System.Security.Cryptography.CryptographicException: The payload was invalid. For more information go to http://aka.ms/dataprotectionwarning
at Microsoft.AspNetCore.DataProtection.Cng.CbcAuthenticatedEncryptor.DecryptImpl(Byte* pbCiphertext, UInt32 cbCiphertext, Byte* pbAdditionalAuthenticatedData, UInt32 cbAdditionalAuthenticatedData)
at Microsoft.AspNetCore.DataProtection.Cng.Internal.CngAuthenticatedEncryptorBase.Decrypt(ArraySegment`1 ciphertext, ArraySegment`1 additionalAuthenticatedData)
at Microsoft.AspNetCore.DataProtection.KeyManagement.KeyRingBasedDataProtector.UnprotectCore(Byte[] protectedData, Boolean allowOperationsOnRevokedKeys, UnprotectStatus& status)
at Microsoft.AspNetCore.DataProtection.KeyManagement.KeyRingBasedDataProtector.Unprotect(Byte[] protectedData)
at Microsoft.AspNetCore.Session.CookieProtection.Unprotect(IDataProtector protector, String protectedText, ILogger logger)
ASP.NET Coreではセッションデータを格納する際に暗号化されています。
Microsoftの技術情報のデータ保護の構成のセクションを読むと下記記載が見つかりました。
SetApplicationName
既定では、データ保護システムによって各アプリが、それらのコンテンツルートパスに基づいて互いに分離されます。同じ物理キーリポジトリを共有している場合でも同様です。この分離により、各アプリで互いの保護されたペイロードを把握できなくなります。
保護されたペイロードをアプリ間で共有するには:
- 各アプリで同じ値を使って SetApplicationName を構成します。

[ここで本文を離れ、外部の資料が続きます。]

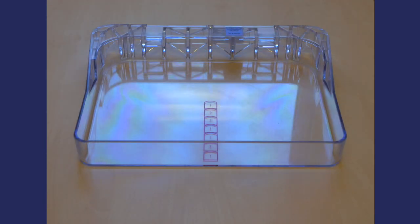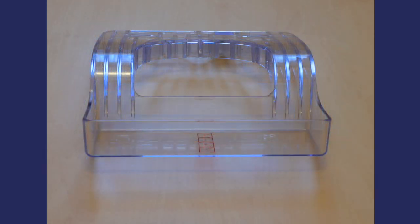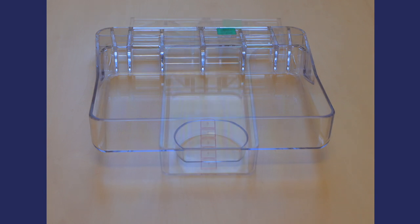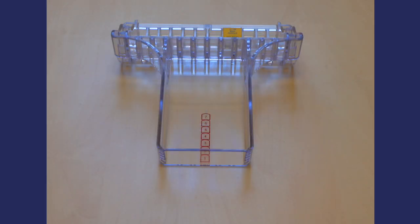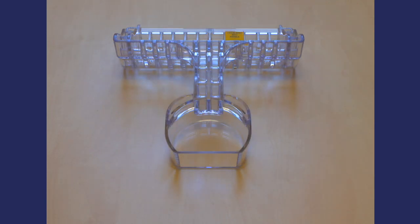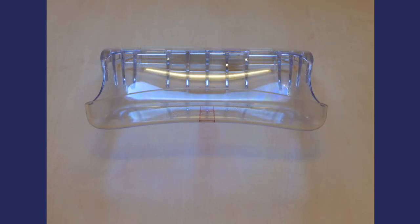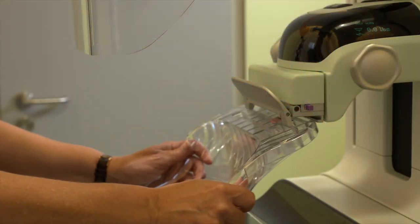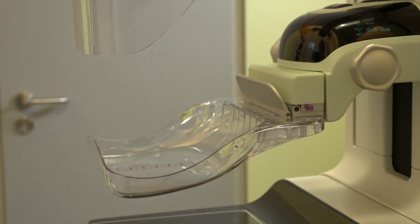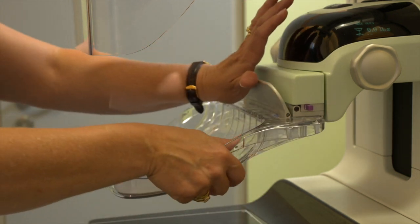With every 3D mammography system we have a whole host of paddles. We have three screening paddles, three compression paddles, two mag paddles, and our new smart curve breast stabilisation system. This new paddle is curved and follows the contours of the breast. Patients who have used this paddle have found it a much more comfortable experience.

- アプリ全体で同じバージョンのデータ保護 API スタックを使います。 各アプリのプロジェクト ファイルで、次のいずれかを実行します。
- Microsoft.AspNetCore.App メタパッケージを使って、同じ共有フレームワーク バージョンを参照します。
- 同じデータ保護パッケージ バージョンを参照します。
今回は同一サーバー上で動作するため、物理キーリポジトリは共有できていると思われますが、コンテンツルートパスが異なります。

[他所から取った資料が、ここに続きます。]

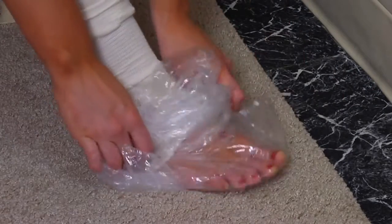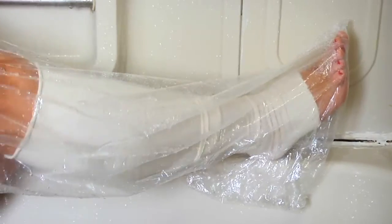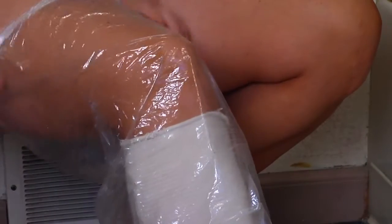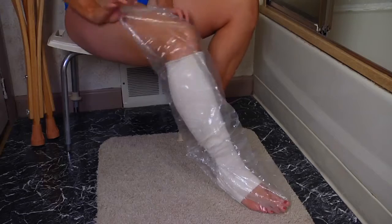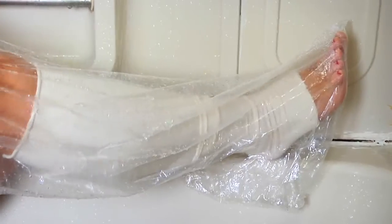The shower sock slips easily over a cast, allowing patients the ability to shower without the help of a nurse. The application is simple. Just position the shower sock over the area you want to protect, ensure the elastic bands on each end create a water-tight seal, and you're ready to take a shower.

下記設定を追加することで、2つのWebアプリでセッション情報が共有されることが確認できました。
builder.Services.AddDataProtection().SetApplicationName("shared");
今回は同一サーバー上の複数アプリケーションでしたので、この設定だけで動作しましたが、複数サーバーで共有する場合は鍵の共有についても検討が必要だと思います。
6.まとめ
- セッションを共有するには分散キャッシュを用います。
- 複数のWebアプリケーションで互いのペイロードを共有するには
SetApplicationName
を用います。
なお、今回の修正を当てたProgram.cs
全文は下記となります。
using Microsoft.AspNetCore.DataProtection;
var builder = WebApplication.CreateBuilder(args);
// Add services to the container.
builder.Services.AddRazorPages();
builder.Services.AddDataProtection().SetApplicationName("shared");
builder.Services.AddStackExchangeRedisCache(options =>
{
options.Configuration = "127.0.0.1:6379";
options.InstanceName = "sample";
});
builder.Services.AddSession(options =>
{
options.IdleTimeout = TimeSpan.FromSeconds(180);
});
var app = builder.Build();
// Configure the HTTP request pipeline.
if (!app.Environment.IsDevelopment())
{
app.UseExceptionHandler("/Error");
// The default HSTS value is 30 days. You may want to change this for production scenarios, see https://aka.ms/aspnetcore-hsts.
app.UseHsts();
}
app.UseHttpsRedirection();
app.UseStaticFiles();
app.UseRouting();
app.UseAuthorization();
app.UseSession();
app.MapRazorPages();
app.Run();
このコードでは接続先やタイムアウトの設定などを、何が設定しているのが分かりやすいよう直接指定しています。
実際に使用する場合はappsettings.json
に設定することを検討してください。